The plot has Professor Zalamea, a Spanish scientist, sending Calculus (Felix Fernandez) a blue orange, a part of a research program into food that will be a key to ending world hunger. When the orange is stolen in Moulinsart, Calculus decides to go to meet the scientist, but soon after arriving he is kidnapped, so Tintin and Haddock are onto his rescue.
This second film is far less successful than the first one. The locations (in Southern Spain) are not as attractive as those of the first film, the plot is more silly than interesting, the direction less inspired. Even Tintin fans might be hard pressed to like this a lot. Rene Goscinny (of Asterix fame) was one of the writers. Herge is uncredited though he probably had some creative input.

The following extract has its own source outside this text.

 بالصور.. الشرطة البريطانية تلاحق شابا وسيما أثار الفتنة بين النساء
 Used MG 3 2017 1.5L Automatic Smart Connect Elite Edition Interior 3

The film started well, the bit with the real fake TV program set the tone and gave the blue orange a sort of "realistic" dimension contextualizing them with the issue of hunger in the world, but it doesn't take too long before you know you'll have to tone down your "quality" I order to enjoy it, and even then, there's not much to enjoy. It's a real pity that "Tintin and the Blue Oranges" never really hold up to the coolness of its intriguing title. The film was made three years after the first one but I can see why it didn't do better at the box-office, the first didn't benefit from an elaborate plot but it had a strong set-up and a strong bond between Tintin and Haddock. In "Orange", Talbot's performance is somewhat ruined by the overacting of Jean Bouise as Captain Haddock, a shame because the chemistry with George Wilson made the first film.

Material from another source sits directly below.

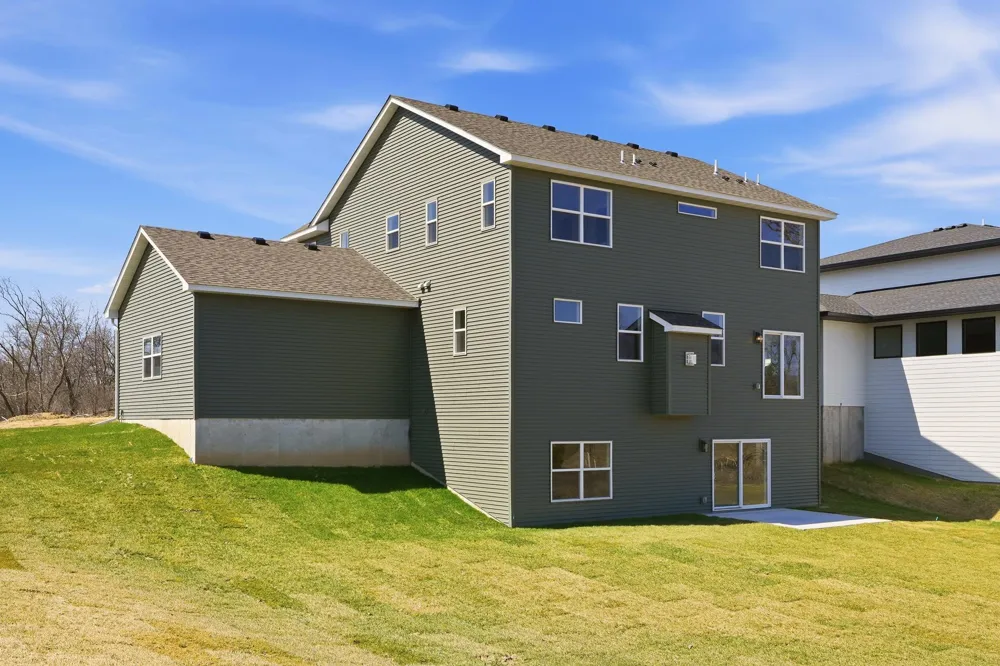 2164 Eustis Roseville, MN 55113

Jean Bouise is a good actor but while George Wilson's overacting was never at the expenses of the story, Bouise plays his Haddock as if he thought the captain was a previous commedia del arte actor, amplifying every syllabus, gesticulating for any reason, and using any moment as an excuse for some loud baritone tantrums. His performance could have worked if the film was meant as a comedy but not when the other actors play their roles seriously. Felix Fernandex is a fine copy of Cuthbert Calculus but Bouise makes Calculus more endurable. Again, this is less a comment on Bouise's talent as the man was notorious for playing dark and brooding characters but let's just say he didn't take the right angle.
But it's not as if the story deserved the best acting anyway, so maybe he's the one reason to watch the film after all. The film is a series of setups and comical premise that always fall flat, the Thompson gags are pretty lame even by the days' standards. And when a young Spanish kid meets Tintin and says "Tintin and Milou", you've got to wonder how come he knows them since the film is set in a universe where Tintin isn't a comic book character. There are a few interesting moments, the encounter with the Castafiore and the interactions between Professors Calculus and the Spanish professors provide a few interesting moments but the film doesn't even swim in the same waters than Golden Fleece.

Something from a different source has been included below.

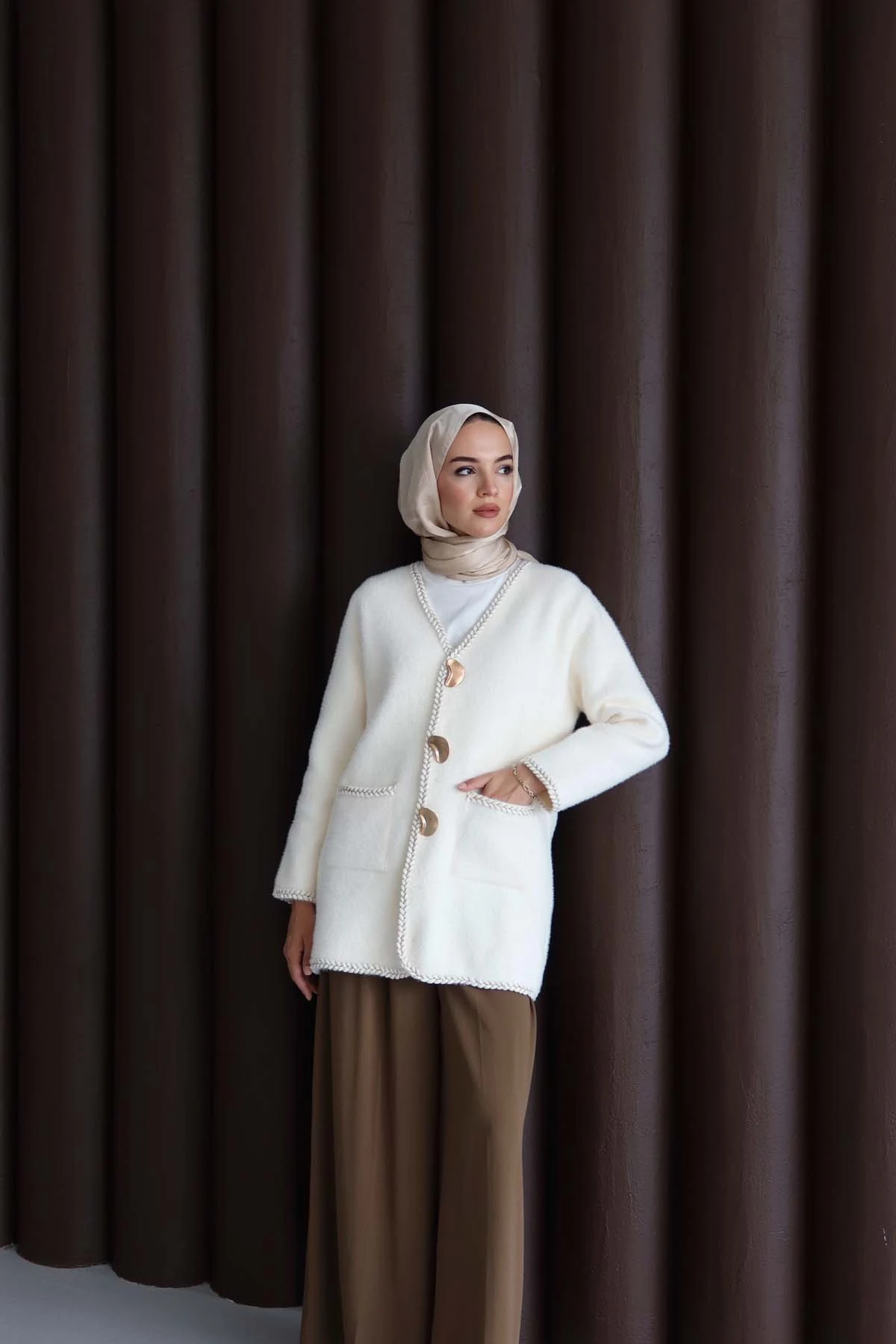 Angora Sim ve Düğme Detaylı Hırka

Don't get me started on the climax, the whole plot leads to some evil emir and the intervention of a bunch of kids save the day and we're supposed to be laughing. I won't even mention the fact that being Moroccan, I could spot the accent of the guys who were supposed to be from the Arab Peninsula. Anyway, there's a sort of naivety in the film that could have been excusable if the plot wasn't so thin and if the first film was if the same caliber, but overall, comparing the two on the sole basis that they're live-action adaptation of Tintin would be unfair, these are apples and oranges, and not blue one.